Giann Nandi, David Pereira, José Proença, Eduardo Tovar

CISTER Research Centre
Polytechnic Institute of Porto (ISEP P.Porto)
Rua Dr. António Bernardino de Almeida, 431
4200-072 Porto
Portugal
Tel.: +351.22.8340509, Fax: +351.22.8321159
E-mail: giann@isep.ipp.pt, drp@isep.ipp.pt, pro@isep.ipp.pt, emt@isep.ipp.pt
https://www.cister-labs.pt

Abstract

Guaranteeing that safety-critical Cyber-Physical Systems (CPS) do not fail upon deployment is becoming an even more complicated task with the increased use of complex software solutions. To aid in this matter, formal methods (rigorous mathematical and logical techniques) can be used to obtain proofs about the correctness of CPS in such a way that traditional testing methods cannot. Among the most promising formal methods is the concept of Runtime Verification, where monitors are coupled to a target system to check its behavior during runtime.
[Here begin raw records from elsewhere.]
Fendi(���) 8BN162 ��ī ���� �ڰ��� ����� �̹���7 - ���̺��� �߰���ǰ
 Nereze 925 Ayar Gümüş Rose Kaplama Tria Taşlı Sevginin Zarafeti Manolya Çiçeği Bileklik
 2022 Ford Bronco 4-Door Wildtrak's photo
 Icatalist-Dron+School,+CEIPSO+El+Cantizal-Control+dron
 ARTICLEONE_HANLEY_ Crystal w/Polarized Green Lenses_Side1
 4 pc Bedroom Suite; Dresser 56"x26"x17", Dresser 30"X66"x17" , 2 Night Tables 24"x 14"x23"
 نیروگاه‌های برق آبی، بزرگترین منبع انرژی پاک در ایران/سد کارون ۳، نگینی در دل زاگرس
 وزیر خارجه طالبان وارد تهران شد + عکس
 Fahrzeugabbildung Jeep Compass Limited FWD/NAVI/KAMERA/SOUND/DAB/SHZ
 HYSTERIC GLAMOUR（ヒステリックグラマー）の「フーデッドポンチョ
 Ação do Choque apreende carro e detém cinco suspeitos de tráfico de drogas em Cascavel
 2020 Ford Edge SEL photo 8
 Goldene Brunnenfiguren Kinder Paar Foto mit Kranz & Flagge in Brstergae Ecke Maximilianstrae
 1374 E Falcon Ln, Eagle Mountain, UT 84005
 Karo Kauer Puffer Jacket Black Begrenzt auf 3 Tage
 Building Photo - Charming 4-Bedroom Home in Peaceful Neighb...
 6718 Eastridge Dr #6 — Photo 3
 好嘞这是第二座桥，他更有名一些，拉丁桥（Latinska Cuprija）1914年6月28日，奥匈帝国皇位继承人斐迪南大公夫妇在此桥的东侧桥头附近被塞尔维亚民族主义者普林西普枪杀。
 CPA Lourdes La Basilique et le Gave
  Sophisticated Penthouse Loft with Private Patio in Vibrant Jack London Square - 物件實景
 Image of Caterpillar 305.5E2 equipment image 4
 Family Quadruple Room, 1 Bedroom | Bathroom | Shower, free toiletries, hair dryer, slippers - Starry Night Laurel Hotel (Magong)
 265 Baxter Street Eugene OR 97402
Although helpful, runtime verification solutions introduce an inevitable overhead in the system, which can disrupt its correct functioning if not safely employed. We propose the creation of a Domain Specific Language (DSL) that, given a generic CPS, 1) verifies if its real-time scheduling is guaranteed, even in the presence of coupled monitors, and 2) implements several verification conditions for the correct-by-construction generation of monitoring architectures. To achieve it, we plan to perform statical verifications, derived from the available literature on schedulability analysis, and powered by a set of semi-automatic formal verification tools.
Abstract—Guaranteeing that safety-critical Cyber-Physical Systems (CPS) do not fail upon deployment is becoming an even more complicated task with the increased use of complex software solutions. To aid in this matter, formal methods (rigorous mathematical and logical techniques) can be used to obtain proofs about the correctness of CPS. In such a context, Runtime Verification has emerged as a promising solution that combines the formal specification of properties to be validated and monitors that perform these validations during runtime. Although helpful, runtime verification solutions introduce an inevitable overhead in the system, which can disrupt its correct functioning if not safely employed. We propose the creation of a Domain Specific Language (DSL) that, given a generic CPS, 1) verifies if its real-time scheduling is guaranteed, even in the presence of coupled monitors, and 2) implements several verification conditions for the correct-by-construction generation of monitoring architectures. To achieve it, we plan to perform statical verifications, derived from the available literature on schedulability analysis, and powered by a set of semi-automatic formal verification tools.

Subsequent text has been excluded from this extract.